Repeat every entry word for word. Images do not belong in the copy.
· · ·
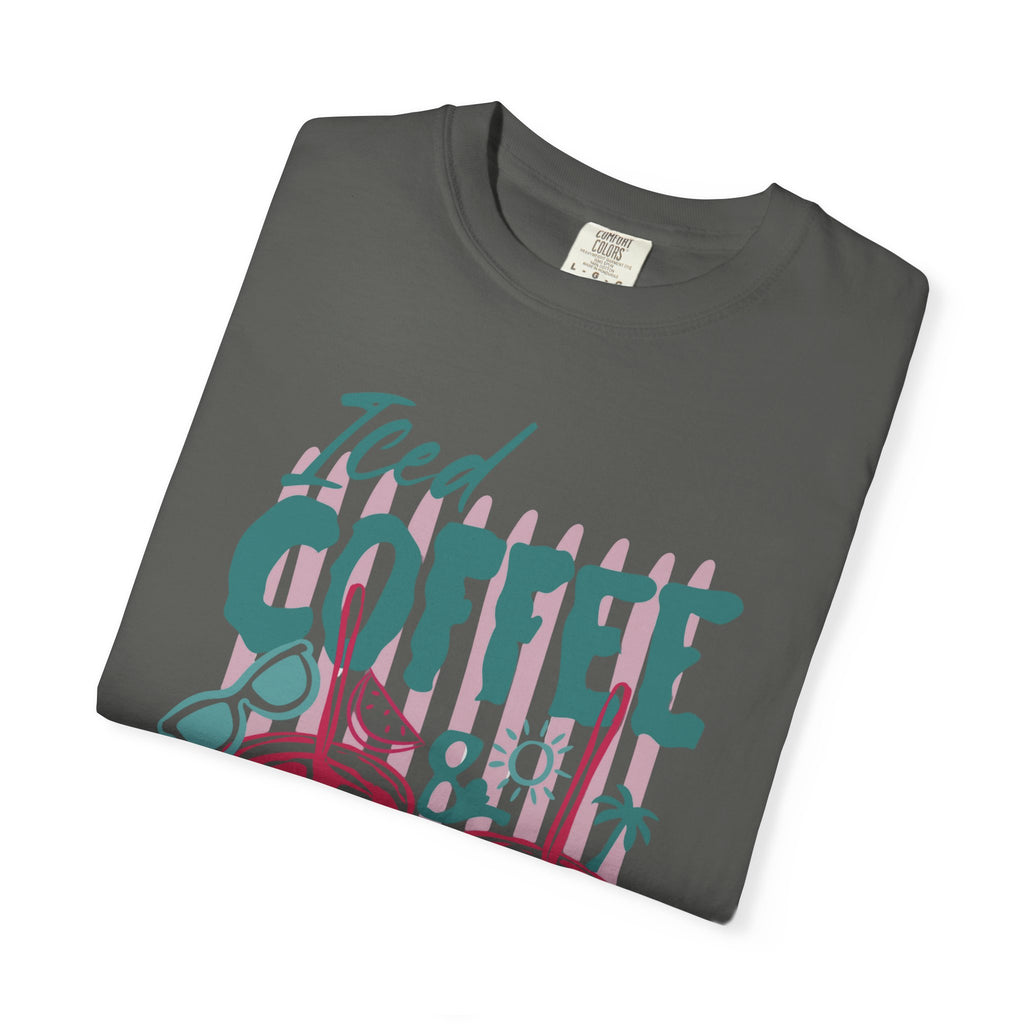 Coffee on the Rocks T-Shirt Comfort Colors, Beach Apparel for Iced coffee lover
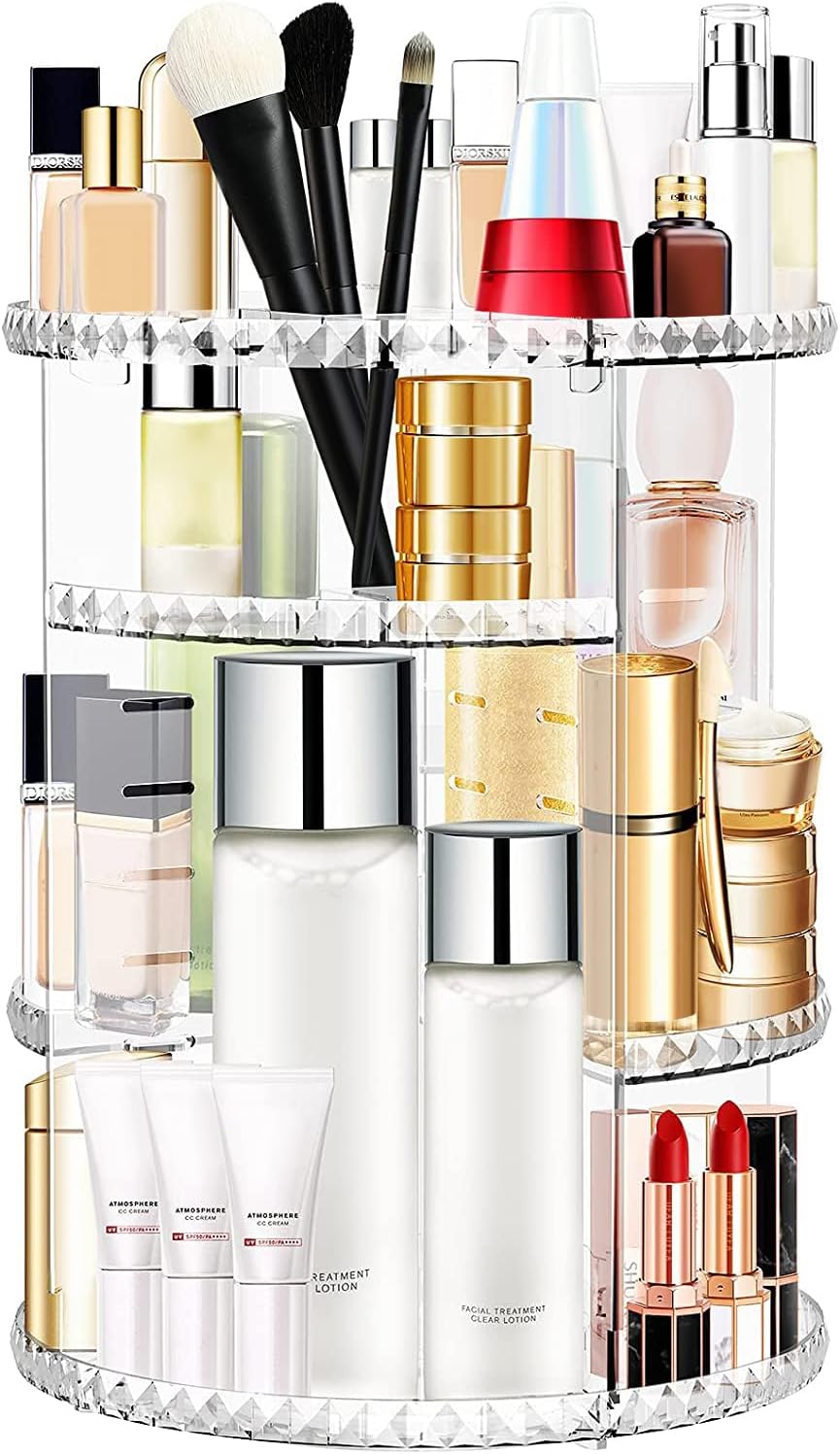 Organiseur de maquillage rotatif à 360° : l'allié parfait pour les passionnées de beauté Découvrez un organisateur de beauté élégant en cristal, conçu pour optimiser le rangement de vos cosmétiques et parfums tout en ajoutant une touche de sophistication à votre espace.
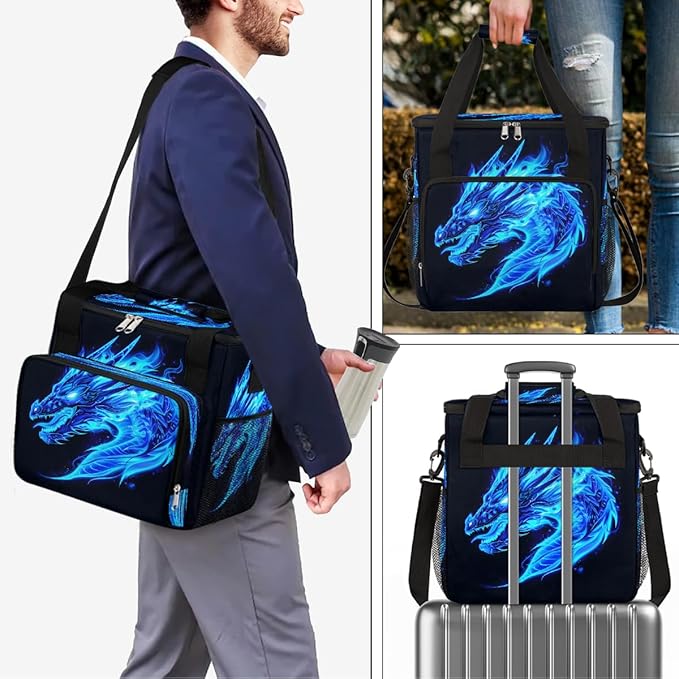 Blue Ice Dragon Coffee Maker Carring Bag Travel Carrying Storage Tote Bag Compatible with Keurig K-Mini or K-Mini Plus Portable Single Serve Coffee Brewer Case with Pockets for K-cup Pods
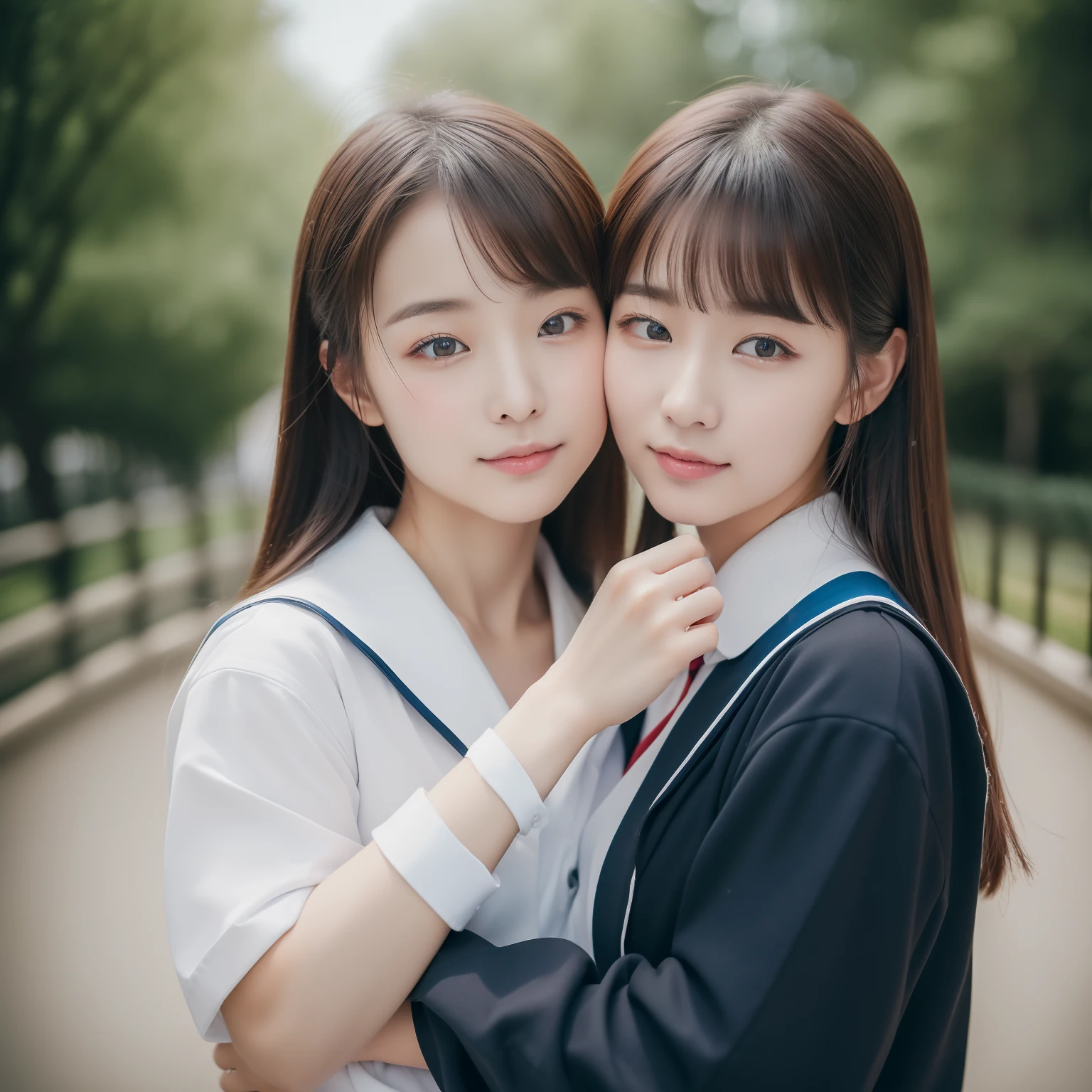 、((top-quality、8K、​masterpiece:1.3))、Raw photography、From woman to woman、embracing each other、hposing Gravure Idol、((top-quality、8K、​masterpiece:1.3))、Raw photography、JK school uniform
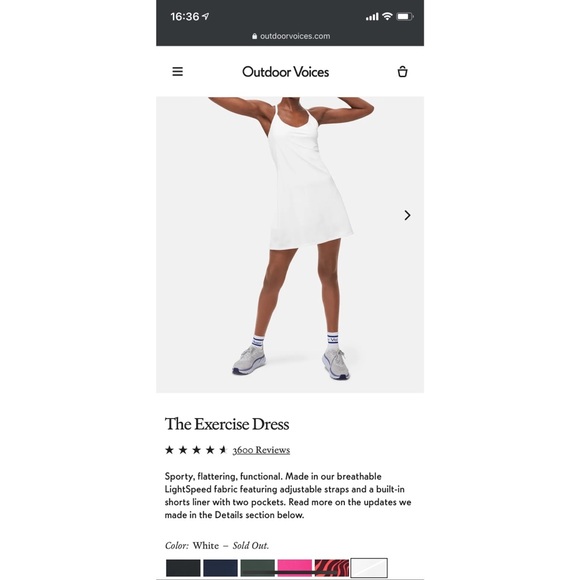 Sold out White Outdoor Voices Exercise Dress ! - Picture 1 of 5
· · ·
- _SOLVED PROBLEM_:
 Coffee on the Rocks T-Shirt Comfort Colors, Beach Apparel for Iced coffee lover
 Organiseur de maquillage rotatif à 360° : l'allié parfait pour les passionnées de beauté Découvrez un organisateur de beauté élégant en cristal, conçu pour optimiser le rangement de vos cosmétiques et parfums tout en ajoutant une touche de sophistication à votre espace.
 Blue Ice Dragon Coffee Maker Carring Bag Travel Carrying Storage Tote Bag Compatible with Keurig K-Mini or K-Mini Plus Portable Single Serve Coffee Brewer Case with Pockets for K-cup Pods
 、((top-quality、8K、​masterpiece:1.3))、Raw photography、From woman to woman、embracing each other、hposing Gravure Idol、((top-quality、8K、​masterpiece:1.3))、Raw photography、JK school uniform
 Sold out White Outdoor Voices Exercise Dress ! - Picture 1 of 5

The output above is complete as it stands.